When I found myself a few years back in the middle of starting a company out of the discoveries from our lab, me and my two enterprising students were faced with the task of vetting the claims by other solutions, some academic and some commercial. We spent many frustrating hours in that process — are we not getting it because we are making a rookie mistake or is there some pixie dust that needs to be sprinkled for the package to show its true magical colors (pixie dust is the non-technical term for a specific library we need to link to or specific value of some parameter or one of a myriad different causative factors). Serving as the technical advisor to two multi-national software companies, I see similar hand-wringing at a unit level when a couple of engineers want to pitch their new ideas to management. Has it been done before — and no flashy slides do not equate to being done — or should we spend the time of our team on this idea? And take a risk of our careers.
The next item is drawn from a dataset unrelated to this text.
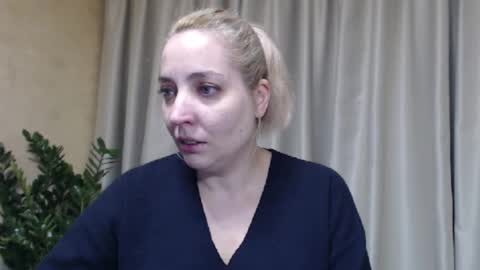 Snapshot of ohsweetmari chatting on 11/09/25, 09:18 Mari online show from 11/09/25, 09:18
In the commercial space, there are some understandable reasons for keeping the prototype opaque — so as not to divulge the secret sauce. But at least it should be possible to take it out for a trial run to see what promise it has, without being besieged by marketing folks.
As a general tax-paying public.
The issue of reproducibility is most passionately debated in the musty hallways of academia and industrial research labs. But this matters for the wide public as well, even if we do not realize it quite yet and even though it will never make its way to an election campaign manifesto. After all, it is the tax dollars that fund much of the research that we are talking about. In the US in 2017, a full $120B of the Research and Development (R&D) funding came from the federal government3. Coming to Computer Science, a large majority of the funding for fundamental computer science research comes from public sources. So the tax dollars will go much farther if researchers could build on others (tax-paid) research.
To be Continued
In this post, we have looked at mounting evidence that backs up the uneasy feeling that a lot of shiny innovations in Computer Systems are not replicable. We are therefore not moving as efficiently forward as we should. This affects us as researchers and practitioners of the field for sure. But it also affects a far wider set, the broad public tax-payer who is funding most of the research and development in the field of Computer Science and Engineering. Promising news is that the technical community has been doing something to fix the situation. We will visit this in the next post plus what big moves we need to do to come out on the winning side.
 The technical definitions are: Replicability allows a different researcher to obtain the same results for an experiment under exactly the same conditions and using exactly the same artifacts, i.e., another independent researcher can reliably repeat an experiment of someone other than herself (“Different team, same experimental setup”). Reproducibility enables researcher other than the authors to obtain the same results for an experiment under different conditions and using her self-developed artifacts(“Different team, different experimental setup”). For the purpose of this post, we are confining ourselves to the easier reach of Replicability. Reproducibility is needed for an engineering principle to become widely used and almost always needs to follow Replicability.
 Such awards often have the term “community award” in its name. They are encouragingly becoming more commonplace at our top conferences.
 The share of total U.S. R&D funded by the federal government stood at 22% in 2017. The total US R&D budget was $548 billion. The component called basic research, which is mostly done at universities, is 17% of the total and 42% of the funding for all basic research is provided by the federal government.